**TASK DETAILS:**
Retype the entries exactly; omit all pictures.

**SOURCE DATA:**
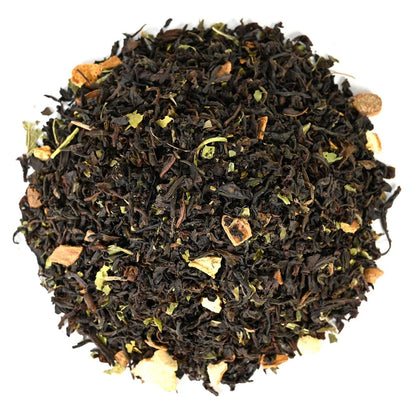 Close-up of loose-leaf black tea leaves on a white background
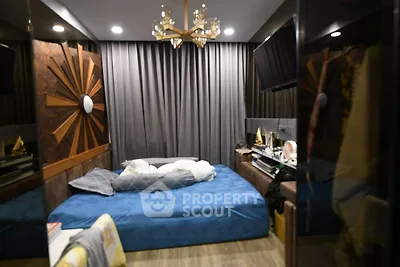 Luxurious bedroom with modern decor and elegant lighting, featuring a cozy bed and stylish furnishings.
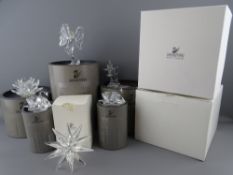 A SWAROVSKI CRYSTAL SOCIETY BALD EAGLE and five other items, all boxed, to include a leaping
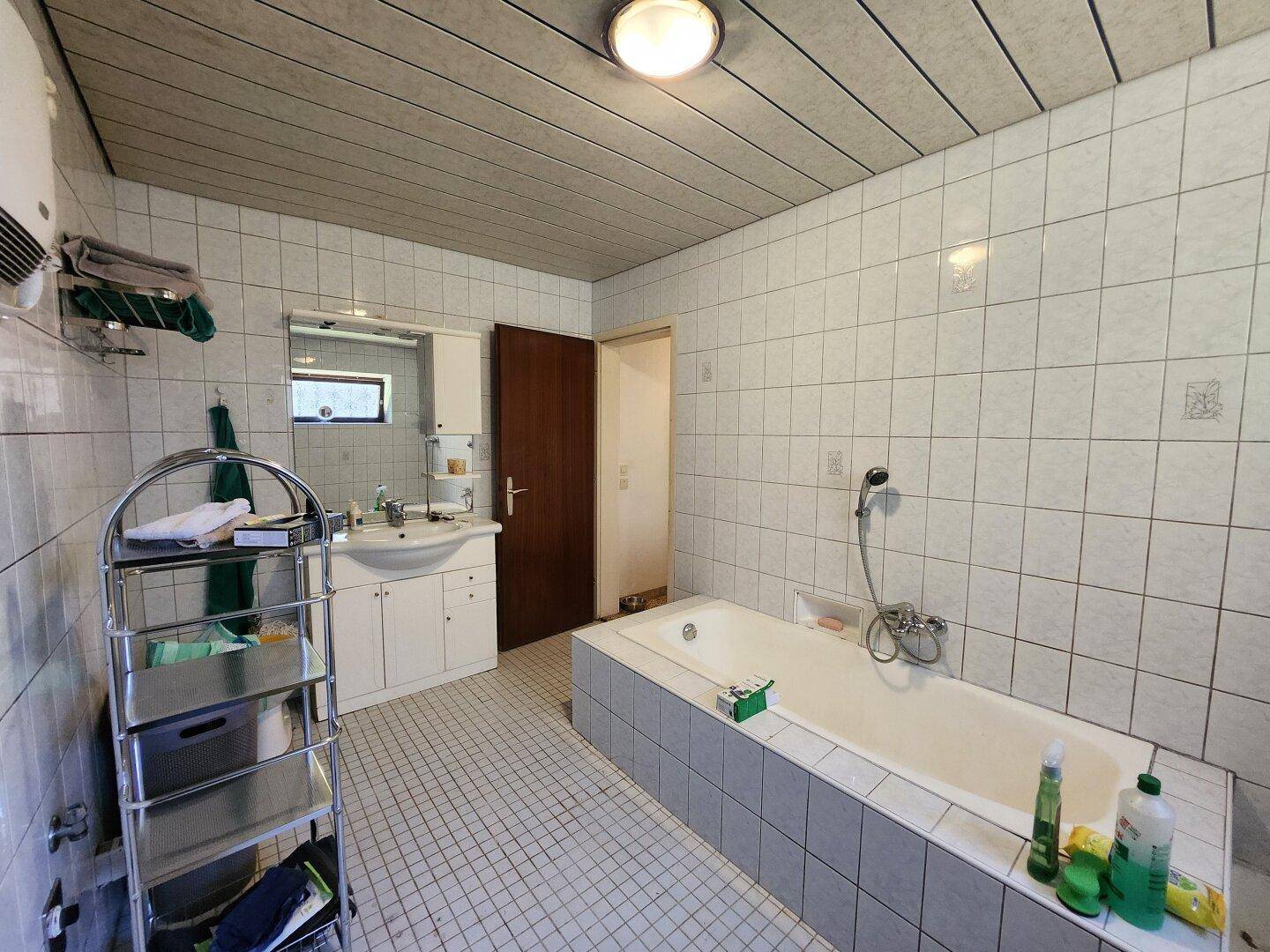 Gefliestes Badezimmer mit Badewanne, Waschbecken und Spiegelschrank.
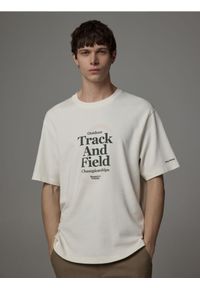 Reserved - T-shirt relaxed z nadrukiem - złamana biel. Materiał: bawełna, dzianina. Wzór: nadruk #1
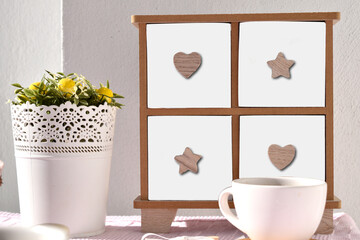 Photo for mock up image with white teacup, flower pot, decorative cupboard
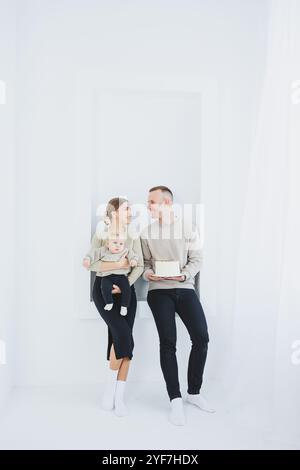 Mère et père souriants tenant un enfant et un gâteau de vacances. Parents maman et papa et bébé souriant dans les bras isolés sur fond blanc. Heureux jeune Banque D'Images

**SOLUTION:**
 Close-up of loose-leaf black tea leaves on a white background
 Luxurious bedroom with modern decor and elegant lighting, featuring a cozy bed and stylish furnishings.
 A SWAROVSKI CRYSTAL SOCIETY BALD EAGLE and five other items, all boxed, to include a leaping
 Gefliestes Badezimmer mit Badewanne, Waschbecken und Spiegelschrank.
 Reserved - T-shirt relaxed z nadrukiem - złamana biel. Materiał: bawełna, dzianina. Wzór: nadruk #1
 Photo for mock up image with white teacup, flower pot, decorative cupboard
 Mère et père souriants tenant un enfant et un gâteau de vacances. Parents maman et papa et bébé souriant dans les bras isolés sur fond blanc. Heureux jeune Banque D'Images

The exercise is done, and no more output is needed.